High stakes poker is now being played by Qantas/Jetstar, Virgin Blue and Tiger Airways over the Tiger’s plans to develop a significant Sydney hub.
Tiger, controlled by Singapore Airlines as its major shareholder, is adding an Adelaide spoke to the Sydney hub from the end of July after launching into the country’s biggest intercity market, the Melbourne-Sydney route, on July 3.
More route announcements from Sydney for Tiger are expected. The focus on Sydney is catching Qantas and Virgin Blue off balance as they are locked into capacity cuts just as Tiger, which is already growing strongly off a small base, adds a potent mix of extra jets and larger volumes of very cheap seats into their most valuable domestic markets.
They are retreating while Tiger advances. It’s classic jungle warfare.
The only thing Qantas/Jetstar and Virgin Blue can do in this situation is ruin their yields by pouring their own cheap deals into their most valuable domestic routes.
It is also a huge challenge for the Qantas two brand strategy, which is already driving disaffected Qantas customers over to Virgin Blue in reaction to having their full service routes or frequencies taken over by Jetstar.
Everything is under pressure for the Qantas brands and Virgin. Qantas is particularly vulnerable to lower corporate account activity, but lower business activity is also hurting Virgin Blue.
Tiger, which had set out to be irrelevant when it launched in November 2007 on obscure routes, is coming into the prime routes just as the established brands face their most adverse trading conditions.
In fact it is adopting the same strategy in Australia as the Virgin Blue/Pacific Blue combination and Jetstar are enacting in New Zealand, which is to exploiting open access to domestic routes to rip into an established domestic carrier, in that case, Air New Zealand.
The biggest casualty in Australia could be Qantas main line services, because of inherently higher costs and a product that may no longer be sufficiently relevant to survive even in better times.
But there is another element to Tiger’s moves out of the shadows.

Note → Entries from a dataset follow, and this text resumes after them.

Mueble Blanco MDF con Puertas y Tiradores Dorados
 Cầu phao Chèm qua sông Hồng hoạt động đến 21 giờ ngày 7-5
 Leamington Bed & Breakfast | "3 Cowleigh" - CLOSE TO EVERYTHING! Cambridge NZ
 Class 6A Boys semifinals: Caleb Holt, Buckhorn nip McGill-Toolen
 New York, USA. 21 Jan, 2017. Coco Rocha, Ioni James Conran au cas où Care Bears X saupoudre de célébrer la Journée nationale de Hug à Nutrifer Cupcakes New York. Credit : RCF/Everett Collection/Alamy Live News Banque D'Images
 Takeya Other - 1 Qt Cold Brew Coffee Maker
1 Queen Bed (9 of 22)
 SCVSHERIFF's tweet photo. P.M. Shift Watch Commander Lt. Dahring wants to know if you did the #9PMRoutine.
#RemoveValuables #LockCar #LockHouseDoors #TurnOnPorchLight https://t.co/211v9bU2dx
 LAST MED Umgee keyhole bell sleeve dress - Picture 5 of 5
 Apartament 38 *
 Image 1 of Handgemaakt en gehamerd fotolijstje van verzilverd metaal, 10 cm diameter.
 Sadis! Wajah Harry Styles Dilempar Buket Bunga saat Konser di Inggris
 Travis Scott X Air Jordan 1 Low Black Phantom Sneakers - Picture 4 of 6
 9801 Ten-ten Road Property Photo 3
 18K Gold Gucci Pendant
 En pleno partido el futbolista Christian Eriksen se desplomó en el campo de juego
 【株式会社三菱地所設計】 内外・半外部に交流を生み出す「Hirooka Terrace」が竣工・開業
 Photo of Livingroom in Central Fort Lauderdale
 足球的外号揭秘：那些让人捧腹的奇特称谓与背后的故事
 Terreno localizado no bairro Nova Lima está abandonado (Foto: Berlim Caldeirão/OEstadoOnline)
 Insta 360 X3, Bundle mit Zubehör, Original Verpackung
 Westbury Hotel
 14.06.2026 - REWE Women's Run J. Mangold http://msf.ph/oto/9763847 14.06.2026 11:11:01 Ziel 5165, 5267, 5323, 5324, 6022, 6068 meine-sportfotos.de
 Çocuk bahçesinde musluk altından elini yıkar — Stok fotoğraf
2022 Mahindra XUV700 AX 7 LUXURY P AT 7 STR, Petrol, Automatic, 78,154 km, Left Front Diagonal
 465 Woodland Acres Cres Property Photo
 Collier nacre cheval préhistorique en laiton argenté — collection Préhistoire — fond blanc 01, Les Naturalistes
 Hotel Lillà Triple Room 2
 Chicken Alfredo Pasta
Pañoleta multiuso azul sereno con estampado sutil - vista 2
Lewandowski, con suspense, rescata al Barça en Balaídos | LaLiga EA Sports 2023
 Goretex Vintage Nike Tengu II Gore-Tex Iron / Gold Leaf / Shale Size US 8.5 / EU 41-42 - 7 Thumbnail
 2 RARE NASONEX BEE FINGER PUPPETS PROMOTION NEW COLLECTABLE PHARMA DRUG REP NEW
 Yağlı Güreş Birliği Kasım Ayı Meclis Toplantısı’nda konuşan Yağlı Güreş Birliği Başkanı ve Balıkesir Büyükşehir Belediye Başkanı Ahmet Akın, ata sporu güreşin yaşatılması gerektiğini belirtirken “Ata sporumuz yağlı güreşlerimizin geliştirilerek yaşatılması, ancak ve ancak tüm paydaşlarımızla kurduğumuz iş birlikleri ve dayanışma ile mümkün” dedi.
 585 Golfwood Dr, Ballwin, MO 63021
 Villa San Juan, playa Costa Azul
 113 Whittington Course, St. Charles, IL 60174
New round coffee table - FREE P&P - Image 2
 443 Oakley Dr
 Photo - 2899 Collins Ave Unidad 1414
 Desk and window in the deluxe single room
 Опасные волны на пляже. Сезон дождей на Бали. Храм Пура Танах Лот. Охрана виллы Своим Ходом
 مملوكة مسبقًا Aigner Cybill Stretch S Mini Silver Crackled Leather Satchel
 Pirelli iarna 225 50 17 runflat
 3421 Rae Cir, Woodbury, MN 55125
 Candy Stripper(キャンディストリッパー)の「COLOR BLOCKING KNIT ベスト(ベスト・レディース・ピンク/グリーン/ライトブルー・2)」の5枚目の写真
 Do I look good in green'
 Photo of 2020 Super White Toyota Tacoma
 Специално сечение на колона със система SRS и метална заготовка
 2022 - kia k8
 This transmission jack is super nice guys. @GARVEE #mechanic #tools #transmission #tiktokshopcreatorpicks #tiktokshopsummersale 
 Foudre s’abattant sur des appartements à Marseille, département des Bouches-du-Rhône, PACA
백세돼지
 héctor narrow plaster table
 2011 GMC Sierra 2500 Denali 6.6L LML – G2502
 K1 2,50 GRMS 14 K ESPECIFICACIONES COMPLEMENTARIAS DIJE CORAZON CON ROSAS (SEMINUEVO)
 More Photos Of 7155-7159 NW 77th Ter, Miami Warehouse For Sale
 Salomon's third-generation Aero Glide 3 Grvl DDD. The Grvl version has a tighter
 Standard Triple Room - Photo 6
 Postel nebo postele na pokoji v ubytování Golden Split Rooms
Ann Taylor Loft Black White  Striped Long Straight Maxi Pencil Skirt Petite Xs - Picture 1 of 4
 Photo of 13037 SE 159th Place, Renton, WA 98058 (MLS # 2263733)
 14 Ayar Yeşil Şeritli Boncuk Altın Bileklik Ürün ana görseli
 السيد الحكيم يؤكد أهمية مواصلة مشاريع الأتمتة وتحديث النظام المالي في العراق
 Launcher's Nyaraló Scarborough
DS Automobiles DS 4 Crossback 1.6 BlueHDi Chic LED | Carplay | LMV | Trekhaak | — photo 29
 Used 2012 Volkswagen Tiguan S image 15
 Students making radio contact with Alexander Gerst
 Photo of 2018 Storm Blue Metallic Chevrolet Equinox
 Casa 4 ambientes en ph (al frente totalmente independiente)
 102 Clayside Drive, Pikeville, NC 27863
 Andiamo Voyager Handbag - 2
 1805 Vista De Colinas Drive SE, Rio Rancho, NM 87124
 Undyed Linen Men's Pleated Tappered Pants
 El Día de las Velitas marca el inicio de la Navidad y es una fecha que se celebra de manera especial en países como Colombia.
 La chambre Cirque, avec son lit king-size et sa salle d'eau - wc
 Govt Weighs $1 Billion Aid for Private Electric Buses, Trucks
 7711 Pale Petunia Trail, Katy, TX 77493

This is also a show down between the trans border low cost airline franchise ambitions of Tiger, directed by Singapore Airlines; Jetstar Asia (Singapore) and Jetstar Pacific (Vietnam), run by Qantas; and Kuala Lumpur based AirAsia, which is the most successful of the three Asia-Pacific low cost franchises, with a long haul AirAsia X brand that is already muscling in on the Australia-Europe routes.
Qantas picked this fight when it launched Jetstar Asia based into Singapore Airlines’ face in November 2004. Shortly before that happened Singapore Airlines CEO, Chew Choon Seng, told me over breakfast in Singapore “We will make sure Singaroo (the venture hadn’t yet been named Jetstar Asia) goes hungry.”
Chew knows Australia and Qantas very well. He ran its affairs in Australia for many years and grew its market share strongly against Qantas before taking the top job.
He has long term strategic goals for Singapore Airlines, which, on the record, include its desire to fly the Australia-America market directly and to come out on top of any rationalisation that he sees as inevitable in the region. Chew has expressed a strong preference for acquisitions rather than mergers.
Launching the Tiger brand here in response to the Qantas “invasion” of Singapore was a consequence that Qantas didn’t see coming and it looks like it could hurt, quite a lot.